» TASK PROMPT: The line with "CSS stands for" marks the start; please set it down along with all later lines through the end of the material, exactly, leaving out pictures.

» RECORDS SHOWN:
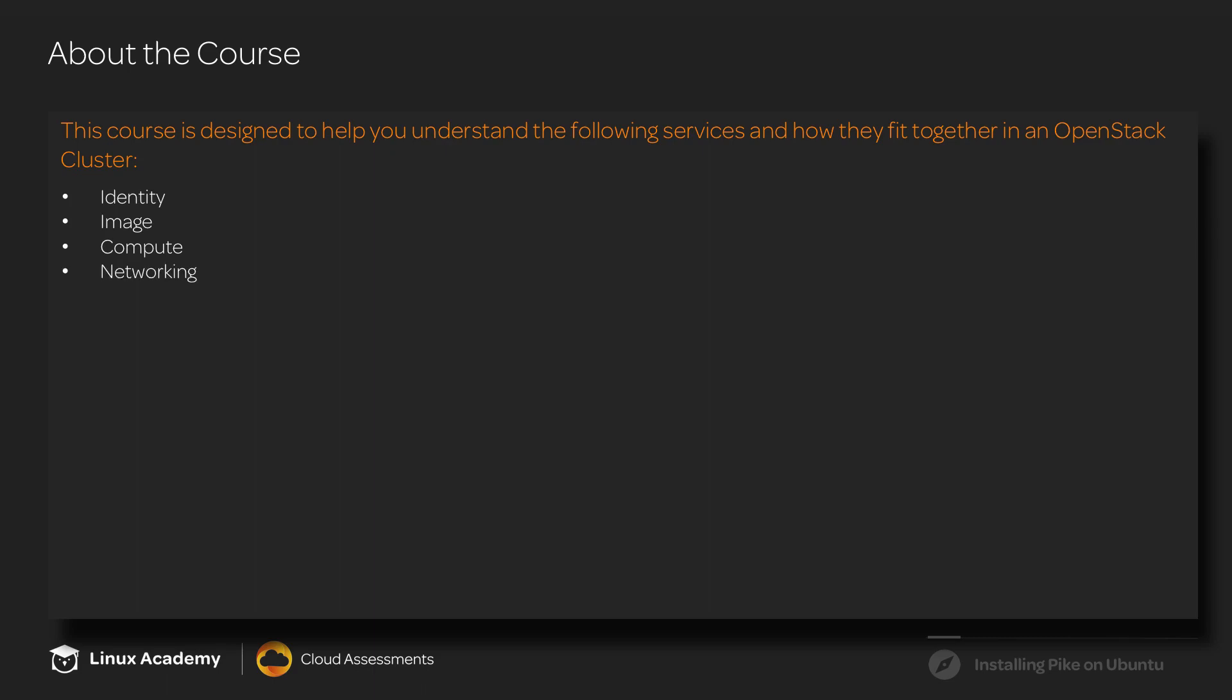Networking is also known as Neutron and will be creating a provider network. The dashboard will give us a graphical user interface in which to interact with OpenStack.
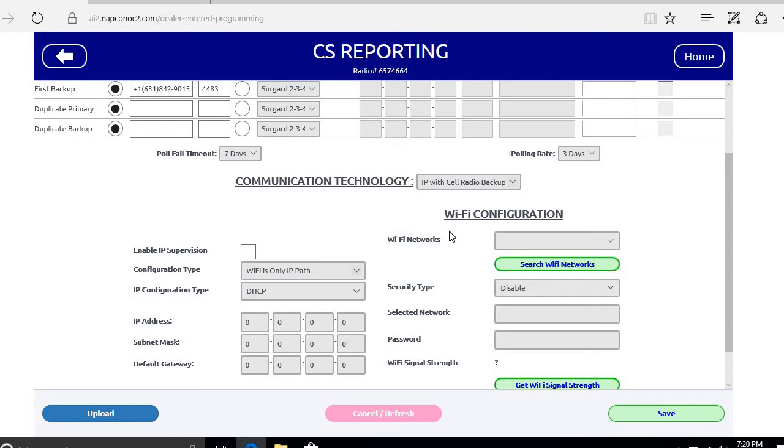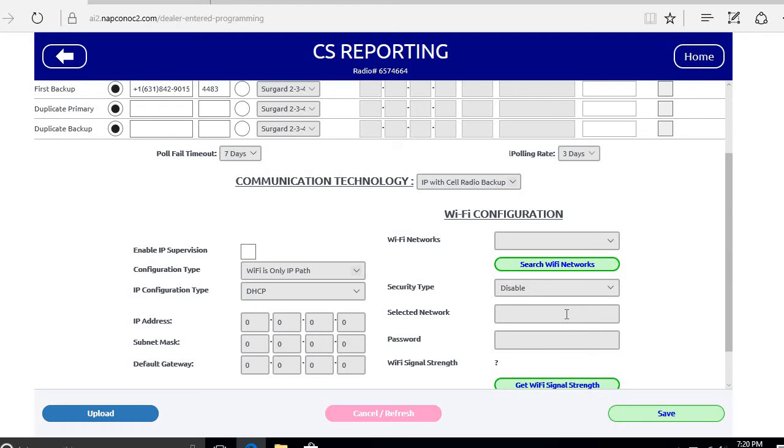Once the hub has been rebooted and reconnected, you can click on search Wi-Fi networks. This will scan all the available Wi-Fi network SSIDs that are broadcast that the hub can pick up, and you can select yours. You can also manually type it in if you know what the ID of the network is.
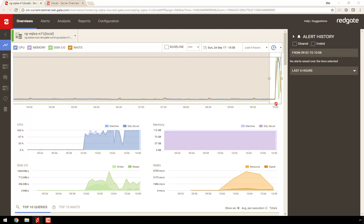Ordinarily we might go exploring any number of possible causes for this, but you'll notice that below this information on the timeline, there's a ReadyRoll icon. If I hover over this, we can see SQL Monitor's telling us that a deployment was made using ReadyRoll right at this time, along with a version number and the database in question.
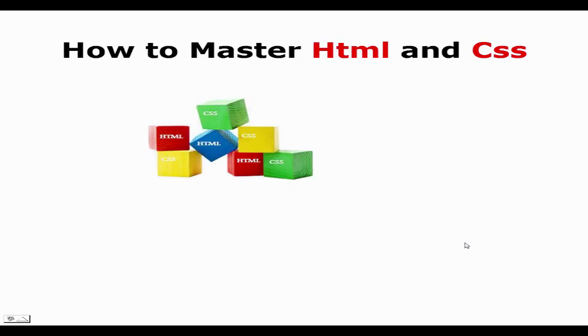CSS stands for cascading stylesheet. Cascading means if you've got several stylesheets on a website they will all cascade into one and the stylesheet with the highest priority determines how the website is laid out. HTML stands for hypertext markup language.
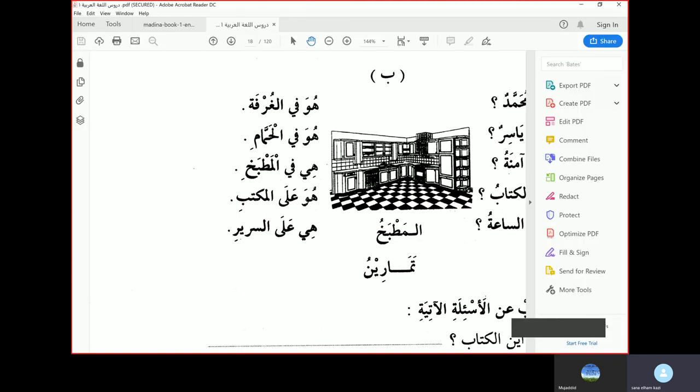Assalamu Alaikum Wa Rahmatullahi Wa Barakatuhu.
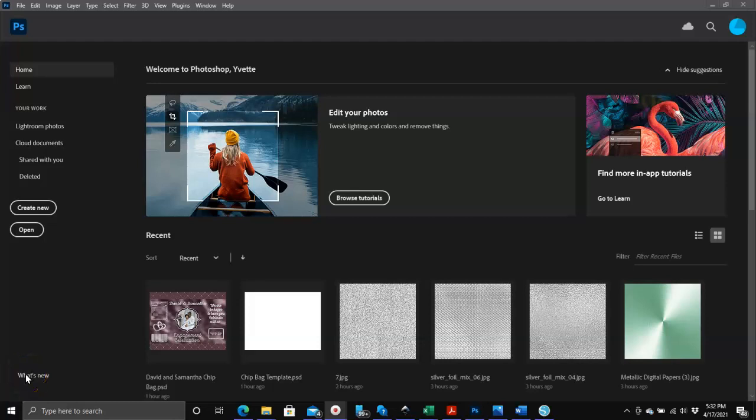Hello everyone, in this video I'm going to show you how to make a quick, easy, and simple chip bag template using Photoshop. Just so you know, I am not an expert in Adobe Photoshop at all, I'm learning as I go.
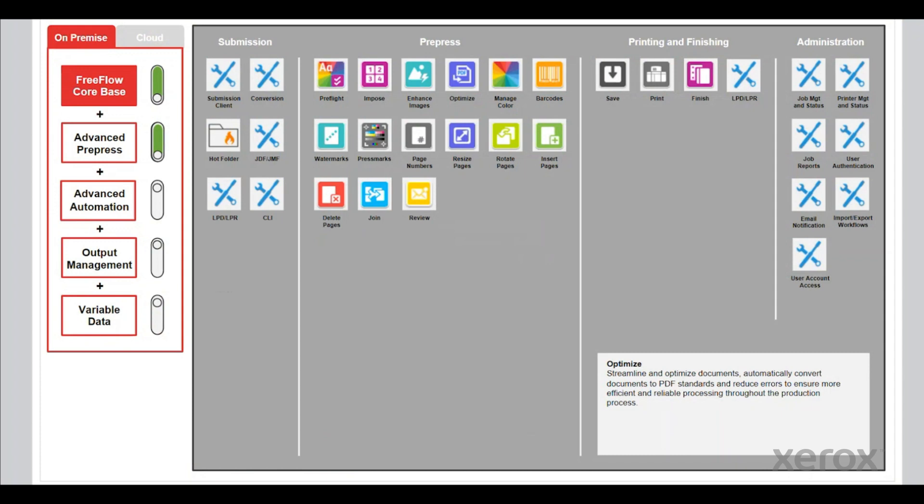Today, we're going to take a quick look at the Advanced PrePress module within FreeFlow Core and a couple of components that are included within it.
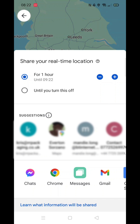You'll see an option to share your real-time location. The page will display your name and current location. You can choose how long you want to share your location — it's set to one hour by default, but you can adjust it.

» EXERCISE ANSWER:
CSS stands for cascading stylesheet. Cascading means if you've got several stylesheets on a website they will all cascade into one and the stylesheet with the highest priority determines how the website is laid out. HTML stands for hypertext markup language.
Assalamu Alaikum Wa Rahmatullahi Wa Barakatuhu.
Hello everyone, in this video I'm going to show you how to make a quick, easy, and simple chip bag template using Photoshop. Just so you know, I am not an expert in Adobe Photoshop at all, I'm learning as I go.
Today, we're going to take a quick look at the Advanced PrePress module within FreeFlow Core and a couple of components that are included within it.
You'll see an option to share your real-time location. The page will display your name and current location. You can choose how long you want to share your location — it's set to one hour by default, but you can adjust it.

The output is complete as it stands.